The two - identical twins born and raised in a small New Jersey town - hit the art world by expanding photography's limits in the mid-1980s, operating out of Boston for several years before finally moving to New York in 1989. They currently commute back and forth to Beacon from Brooklyn, where one of the twins is married. Those who know them describe them as shy but accessible, and very dedicated to their work.
"Although the Starn brothers are best known for their photographs, in fact their abiding interest is in organic systems and structures, as seen in their photographs of trees, leaves and snowflakes, or here, in Big Bambu," Tinterow has said of the new work that he's bringing to the Met later this month. "We are intrigued by the possibilities of this ever-evolving structure on our Roof Garden, which, when animated by the team of rock climbers, will become an organic system of its own."

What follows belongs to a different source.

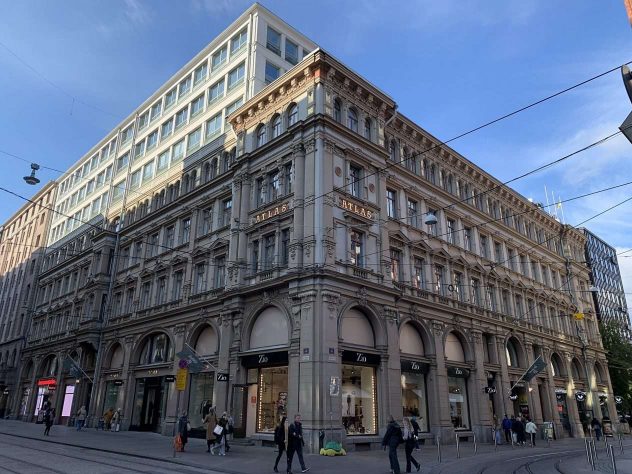 Atlaksen_talo_(Aleksanterinkatu_15_B,_Kluuvi,_Helsinki,_Finland)_Oct_1,_2025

In addition to the monumental Big Bambu, the two recently installed a 250-foot-long collage of tree and leaf photos, in various media, into the South Street subway station in New York; produced a monumental exploration of light and darkness, and interpretation of a classic Leonardo Da Vinci work, in their Gravity of Light installation in Sweden and Pittsburgh; and published a monograph and several photo editions of photo explorations of snowflakes.
What amazes fellow travelers in the art world has long been the Starns' collaborative way of working and their ability to have discovered a path that's completely independent and in their own control, from creation and fabrication to printing and publishing and representation - including their choices of galleries and museums and actual art sales - not to mention the ways in which, alongside the likes of Warhol, Joel-Peter Witkin, Gilbert & George, David Hockney and Anselm Kiefer, they've pushed what had been a staid medium (photography) into new relevance.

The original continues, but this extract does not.